[Caption-style text data]
------------------------------------

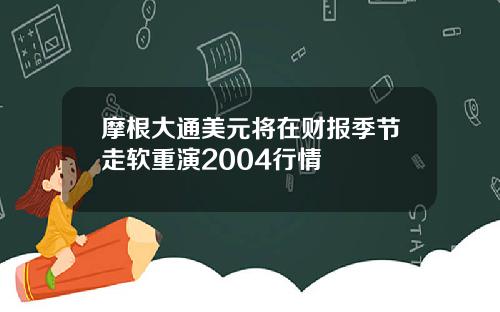 摩根大通美元将在财报季节走软重演2004行情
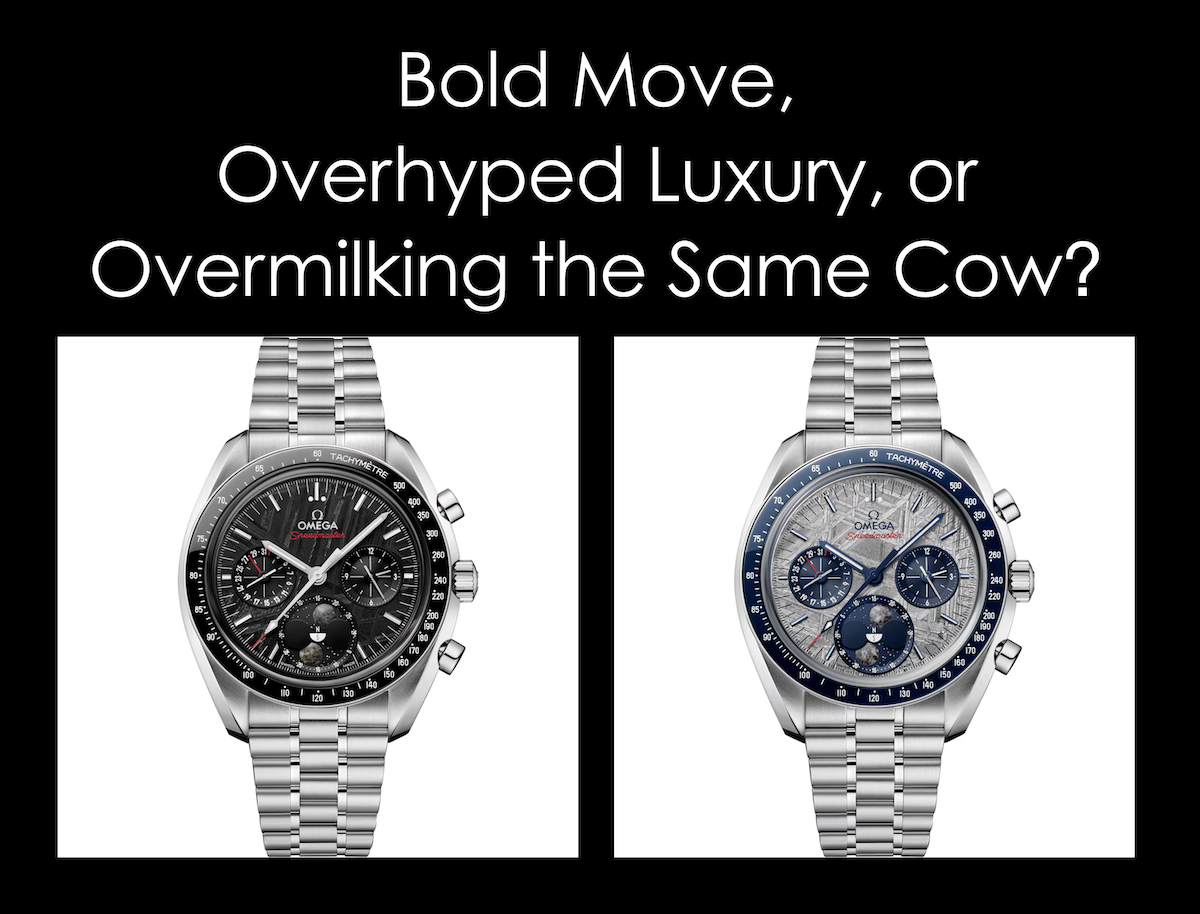 From the Editor: Omega Speedmaster Moonphase Meteorite. A Bold Move, Overhyped Luxury or Overmilking the Same Cow?
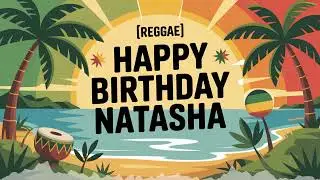 Natasha Birthday Song - Reggae - Inspiring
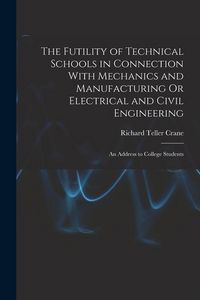 Produktbild: The Futility of Technical Schools in Connection With Mechanics and Manufacturing Or Electrical and Civil Engineering: An Address to College Students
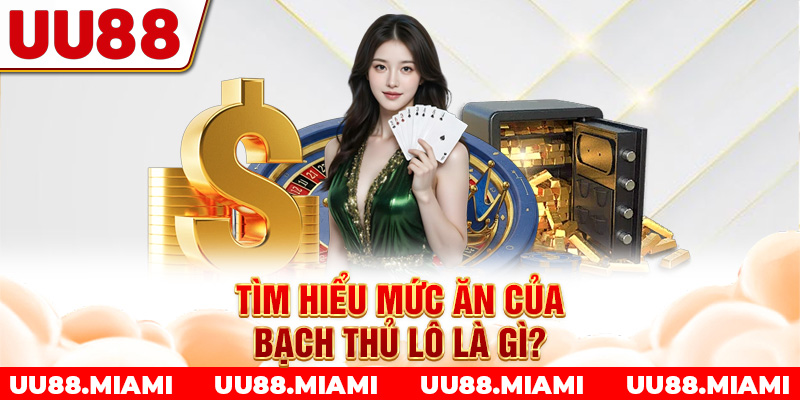 Tìm hiểu mức ăn của bạch thủ lô là gì?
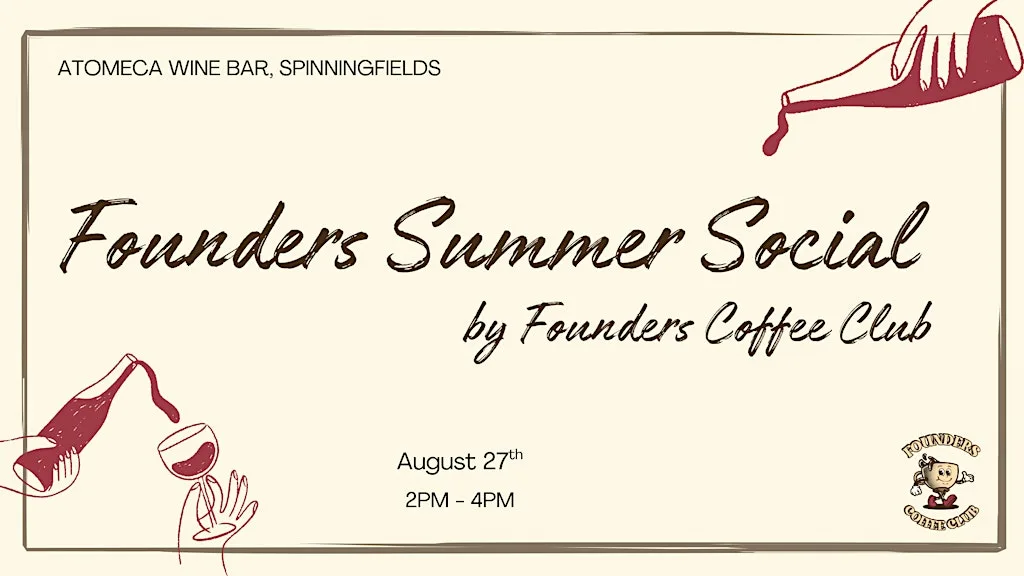Founders Coffee Club x Atomeca Wine Bar - Summer Social | Manchester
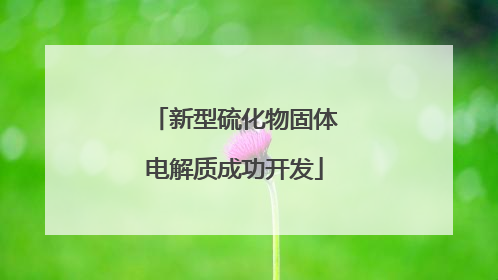 新型硫化物固体电解质成功开发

------------------------------------

Could every record be given again exactly, with its pictures left out?

 摩根大通美元将在财报季节走软重演2004行情
 From the Editor: Omega Speedmaster Moonphase Meteorite. A Bold Move, Overhyped Luxury or Overmilking the Same Cow?
 Natasha Birthday Song - Reggae - Inspiring
 Produktbild: The Futility of Technical Schools in Connection With Mechanics and Manufacturing Or Electrical and Civil Engineering: An Address to College Students
 Tìm hiểu mức ăn của bạch thủ lô là gì?
Founders Coffee Club x Atomeca Wine Bar - Summer Social | Manchester
 新型硫化物固体电解质成功开发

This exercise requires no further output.